Your Camera Doesn't Know This.

Your ATE Is 59 Meters And You Can't Figure Out Why
What a broken evaluation teaches you about the one thing cameras will never know
The trajectory shape looks perfect. The depth maps look great. The network converged smoothly. But the evaluation prints one number that breaks everything:
59 meters ATE? On a 10-meter path?
You check the code. Clean. You check the data.
Everything is fine.
You check the architecture. Nothing wrong.
You check the training curves. Smooth as you'd want.
So what the hell is wrong?
Nothing, as it turns out.
The previous post covered how self-supervised networks learn depth — two networks, photometric loss, geometry doing the teaching. It works beautifully. But there's something that post never told you. A crack running underneath the whole system that only shows up when you ask the network to tell you something real about the world.
This is that crack.
The network learned depth. Just not your depth.
Here's what the previous post glossed over.
The network learned to predict depth. But which depth?
In what units? At what scale?
The answer is: it doesn't know. And neither do you, until evaluation day.
When the system trains, it learns that this wall is further than this chair. That this road stretches away from the camera. The relative structure — what's closer, what's further, the shape of the scene — that's all real and correct. But the actual numbers? The meters? Those are invented.
The network picked a scale somewhere during initialization and everything it learned is relative to that arbitrary choice.
The depth map looks right.
It just might be describing a world where your living room is the size of a football stadium.

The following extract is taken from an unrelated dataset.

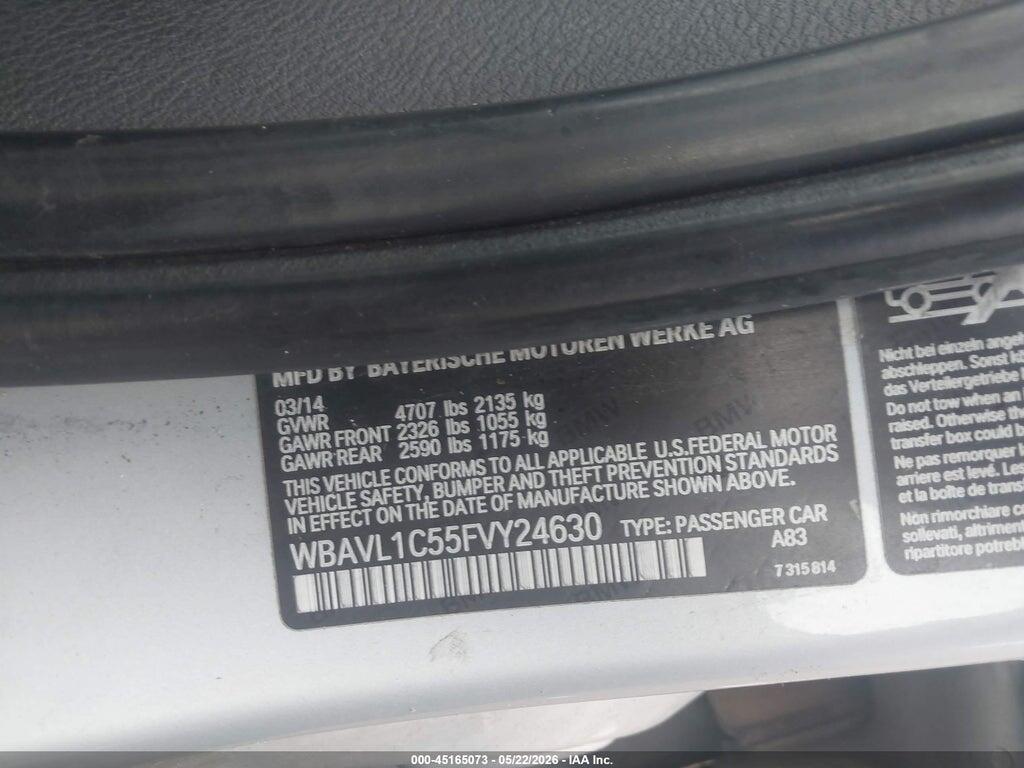 WBAVL1C55FVY24630 2015 BMW X1 photo no. 9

Why the training never caught this
Go back to the warp equation from the previous post:
p' = K · T · D · K⁻¹ · p
The network learns by warping one frame to look like another and measuring the difference. If the warp is right, the loss is low. If not, gradients flow and weights update.
Now do something subtle. Double the depth D. Double the translation T. What happens to p'?
Nothing. The warp is identical. The synthesized frame is identical. The loss is identical.
Triple them. Same result. Multiply by a thousand. Same result.
| Depth | Translation | Loss |
| 1× | 1× | 0.05 |
| 10× | 10× | 0.05 |
| 1000× | 1000× | 0.05 |
The photometric loss cannot see scale. It is structurally, mathematically blind to it. Depth and translation are coupled — they always move together — and as long as they stay proportional, every frame prediction comes out identical.
The network is trying to solve a puzzle where an entire dimension of the answer doesn't change the picture on the box.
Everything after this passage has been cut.